Do you find yourself reaching for your phone to see if you have got new messages or notifications every now and then? Find it hard to resist the urge to sleep longer when your alarm rings in the morning? Have difficulty stopping eating even after you’re pretty full?
Urges arise in all sorts of ways in our daily lives, and they can control and dictate your life if you let it.
The default tendency of our brain is usually to satisfy our urges almost anytime it’s easy and convenient. While that may provide us with a fleeting sense of gratification, it doesn’t necessarily correlate with what’s best for us in the long run.
Our brain is wired to pursue instant gratification without taking into account how our decisions may impact us in the future.
However, dealing with urges need not be difficult.
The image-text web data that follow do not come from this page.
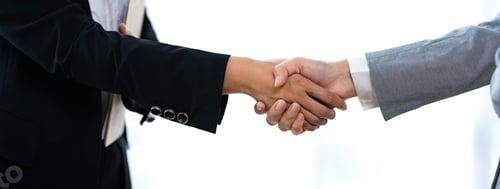 Preview: Business people shaking hands after joining a good business dealing in the office. Collaborative tea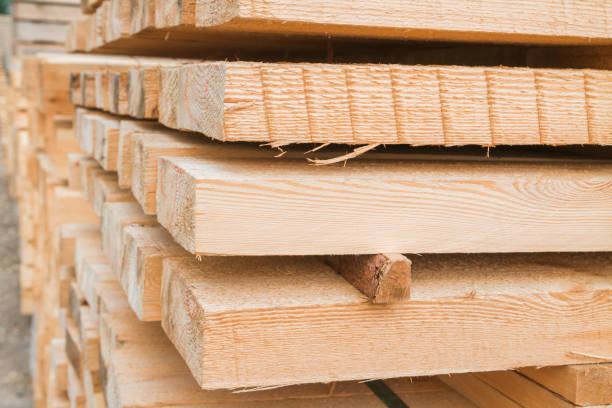 istock Wooden planks to build a house on a stack of folded construction base 1014852508
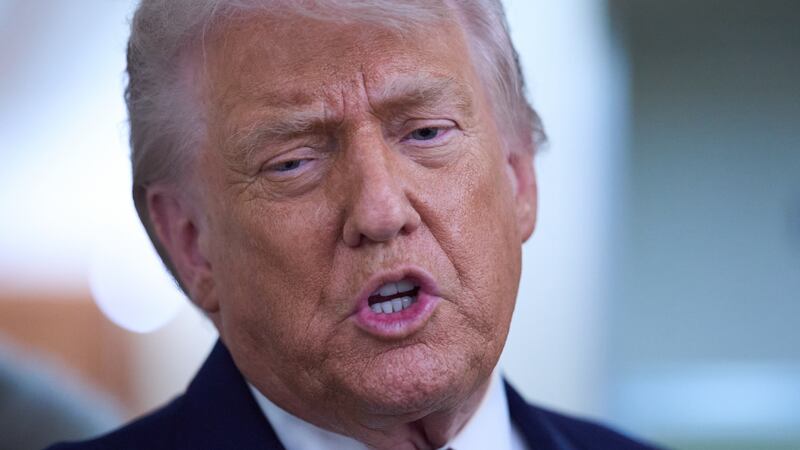 FILE -- President Donald Trump speaks with reporters aboard Air Force One after leaving the...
Here are five simple techniques you can put to use in your life to deal with urges, cravings or to drop bad habits and break of addictive behaviours.
The little-known fact about urges is that they typically last for 15 minutes or in most cases for a much shorter period. They always arise and pass away.
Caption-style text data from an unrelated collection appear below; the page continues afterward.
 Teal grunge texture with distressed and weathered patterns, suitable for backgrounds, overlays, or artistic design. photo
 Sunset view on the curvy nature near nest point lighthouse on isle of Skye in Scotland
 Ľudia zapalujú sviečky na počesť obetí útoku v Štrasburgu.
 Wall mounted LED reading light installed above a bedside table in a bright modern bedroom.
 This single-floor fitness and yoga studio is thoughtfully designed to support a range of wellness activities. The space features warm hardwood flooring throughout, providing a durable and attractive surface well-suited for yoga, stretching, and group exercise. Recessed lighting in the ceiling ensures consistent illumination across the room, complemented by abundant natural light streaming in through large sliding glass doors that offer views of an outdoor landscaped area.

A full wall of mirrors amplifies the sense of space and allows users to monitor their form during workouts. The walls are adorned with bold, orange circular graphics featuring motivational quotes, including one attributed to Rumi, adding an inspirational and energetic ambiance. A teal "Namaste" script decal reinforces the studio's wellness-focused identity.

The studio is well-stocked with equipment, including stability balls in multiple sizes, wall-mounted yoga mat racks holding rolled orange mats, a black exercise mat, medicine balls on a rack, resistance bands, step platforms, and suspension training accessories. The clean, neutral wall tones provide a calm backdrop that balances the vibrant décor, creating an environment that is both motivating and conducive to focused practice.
Urge surfing is a great technique that can be applied to avoid acting on any behaviour that you want to reduce or stop. This technique can be applied for anything from trying to stop smoking or overeating, to prevent lashing out or reacting to people.
While trying to stop giving in to an urge, trying to suppress it with our thoughts can ultimately prove to be counter-intuitive and make it even harder to deal with it.
With urge surfing we accept and acknowledge the urge rather than resisting and wishing it would go away.
All urges tend to come in waves. That is, they rise, peak and eventually fall and subside.
A surfer doesn’t try to fight the wave, instead he rides them out. In the same manner, urge surfing is about riding out the urge through the different phases of the waves until it has gone.
When faced with an urge, Leo Babauta of Zen Habits provides a step by step method to put urge surfing into practice,
- Notice when you have an urge. Pause instead of acting on it, and just
sit with it mindfully.
- Notice where the physical sensation of the urge is located in your body. Is it in your stomach? Chest? Mouth? Focus on that area of your body and try to mindfully notice the sensations you feel.
- Allow them to rise and peak, and then crest and subside, like a wave. Just watch them, as if you’re watching a wave. It’s not anything to panic about, it’s just a sensation rising and falling.
With urge surfing, you will realise that the intensity of the urge will significantly diminish within a few minutes, and then it becomes much easier to deal with it.
When the urge is at its peak, it can seem like the only way out is to give in and satisfy it. And that’s where the understanding that all urges are temporary and will pass away can prove to be very helpful.
Apply the 5 second rule
At age 41, Mel Robbins was unemployed, bankrupt, had a failing marriage, drinking problem, and had trouble getting up in the morning and would repeatedly hit the snooze button.